The problem is a huge anticyclone that delivers modest to strong winds from the east so that the wind-chill factor makes it seem much colder than the thermometer reading. Tonight a low of -1 ⁰C is forecast but the wind-chill will take it down to -4 ⁰C. According to the forecast the whole of April is likely to remain cold. The warmer, Atlantic weather lies to the south and, so the meteorologists say, the jet stream would normally have moved up to the north of Britain by this time of year allowing the milder westerly winds to move in. This may be a natural variation or something to do with the climate change phenomena of a warming ocean or more ice-free water in the Arctic.

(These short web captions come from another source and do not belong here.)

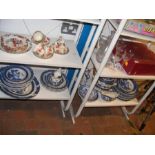 Four shelves of ceramic and glassware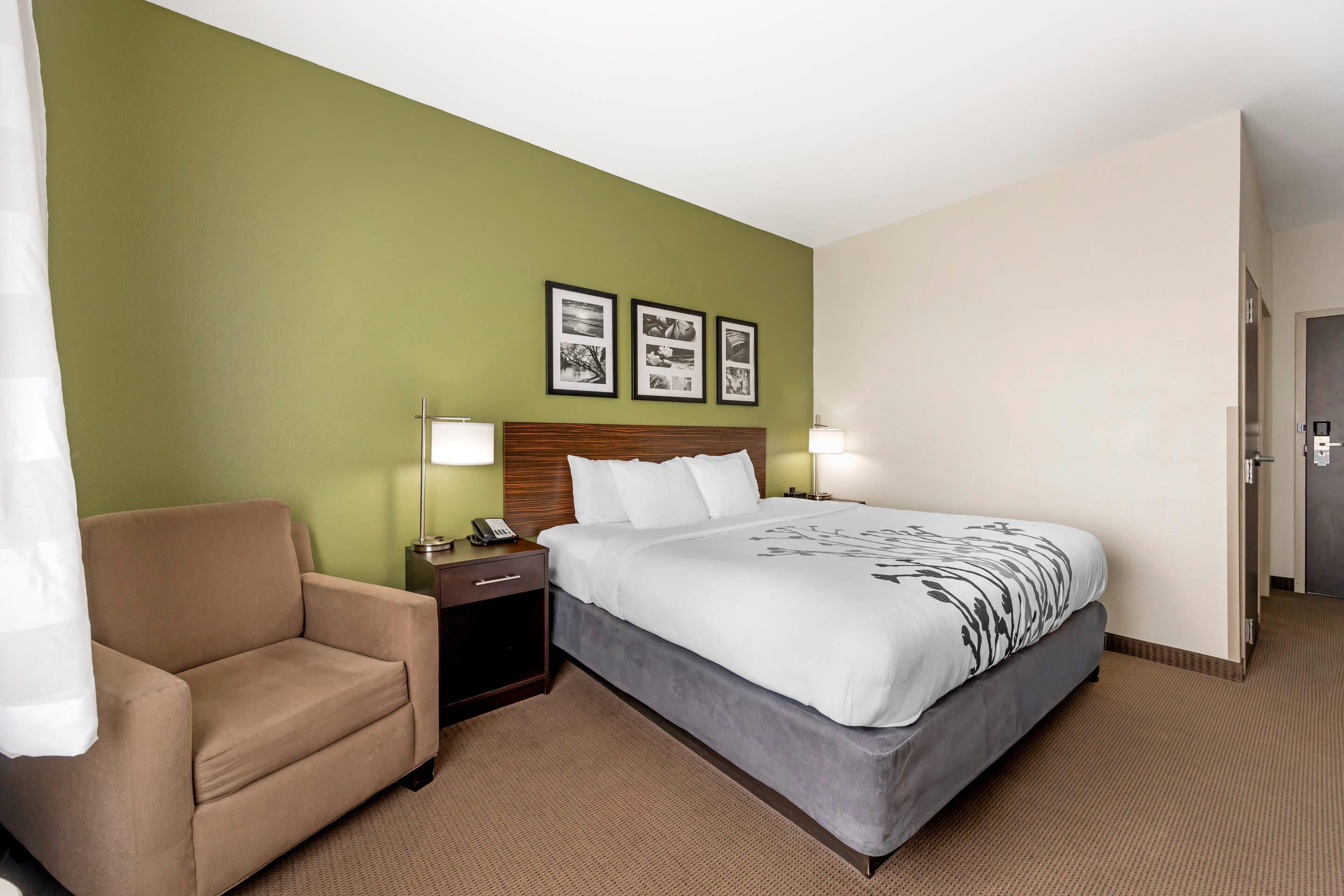 Una habitación de hotel con cama, una silla, una mesita de noche y decoración en la pared.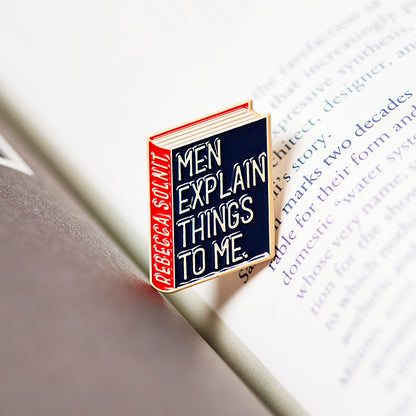 Rebecca Solnit Book Pin Collection, Men explain things to me, Mansplaining Enamel Pin Books, Product Wholesale for Bookstores and Bookshops by Judy Kaufmann
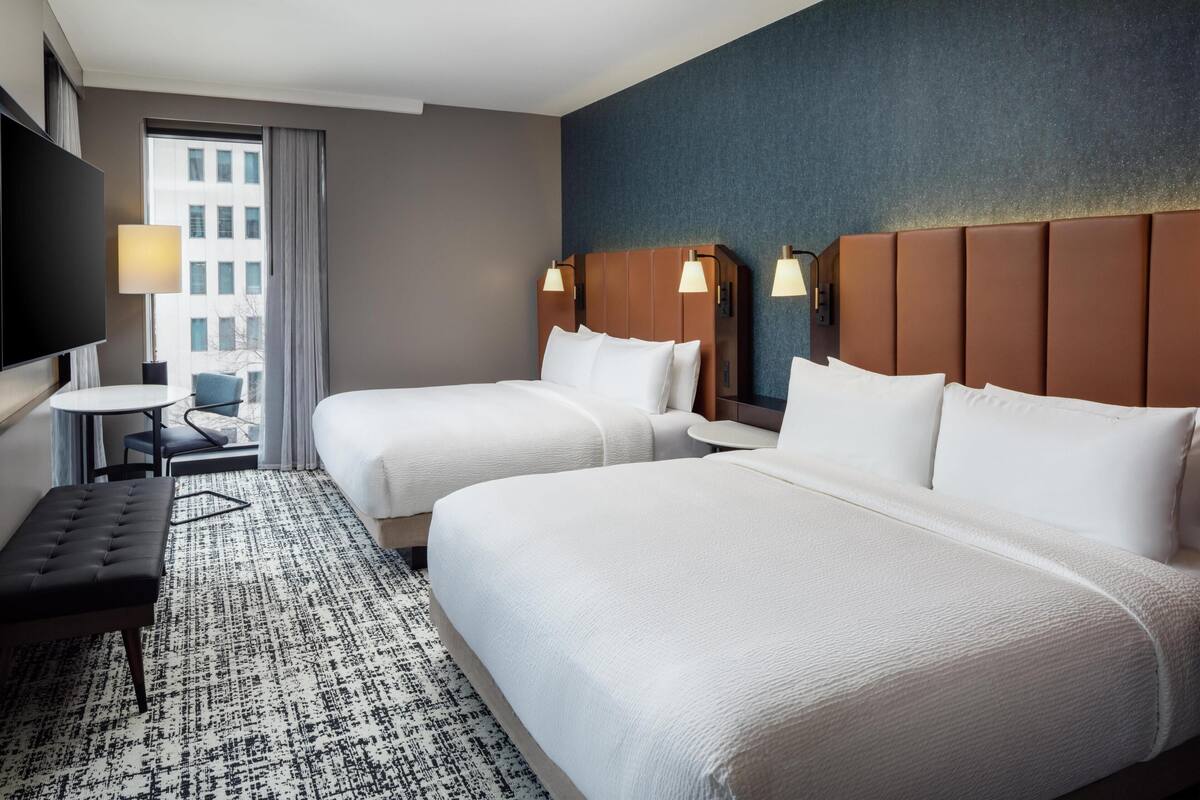 Een hotelkamer met twee bedden, een televisie, een klein tafeltje en uitzicht op een gebouw.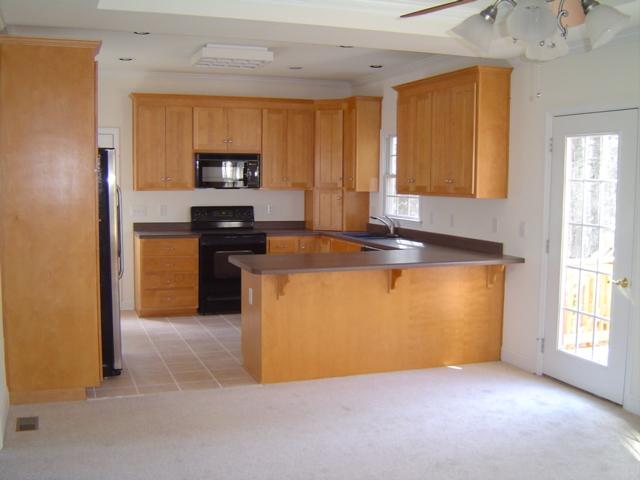 75 Shanleys Loop Ferrum, VA 24088 - Photo 7 of 21 a kitchen with stainless steel appliances granite countertop a stove a sink and a microwave
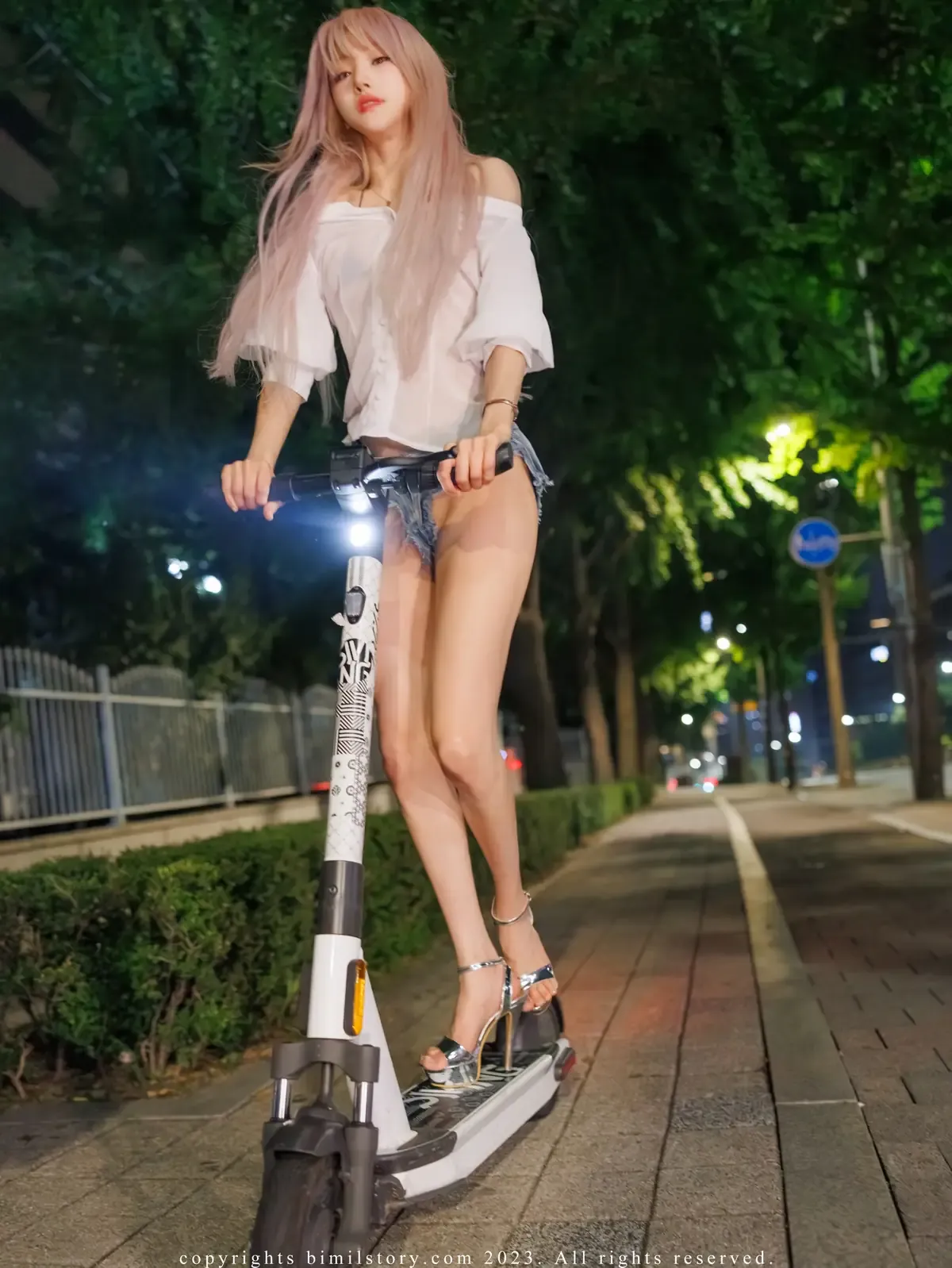 大米米球写真,浅色长发人物站在户外骑行设备旁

The countryside is variously affected. Spring flowers are coming out slowly and primroses are doing quite well, hazel catkins have struggled through and wood anemones are starting, but I have not seen any sallow blossom. The cherry-plums, Prunus cerasifera, are blooming well around Hurst Lane with their delicate white flowers coming maybe a week or so later than normal. However, the grass in the fields is not growing and insects are virtually absent which will be bad news for birds, some of which have already died of cold and hunger and must be particularly stressed if they have started nesting. An absence of early spring moths could mean a dearth of caterpillars just when the young birds need them and I wonder what might be happening to migrant species heading north from Africa. At least, on 5 March when the temperature topped 13 ⁰ C, I saw a fine male brimstone butterfly enjoying the sunshine at the corner of our local Churchland Lane and Killingan Wood.
Farming and gardening are also affected and, apart from poor sowing and growing conditions, there is no pleasure in pottering around the home plot. If I go outside, by the time I have written down the temperature, fed the birds and had a quick look at the houseleeks and other potted plants, it is time to head indoors. And, of course, it is not just Britain that is suffering. Much of Europe has been seriously affected and I have read that Russia is experiencing its coldest winter since 1938, the year I was born.
The seemingly endless cold, grey and windy weather is quite depressing and, with rising energy prices, expensive. We are currently using between £6 and £9 per day on electricity heating just one room and have a log fire most evenings, but even indoors I still have to have five or six layers of clothing on my upper body and thermal long johns and fur lined boots to keep warm.
The media tell us about records being broken and, apparently, it is the coldest winter since 1962/63 but the worst aspect is that it seems to go on and on in an unvarying way as though it is completely stuck with no intervening periods of warmth and sunshine as harbingers of better times. Very cold winters in the past have, in my experience, differed from this one with some nights of extreme cold bringing averages down. We have had nothing like the low temperatures down to -20 ⁰C that I have recorded here or at Robertsbridge in the past.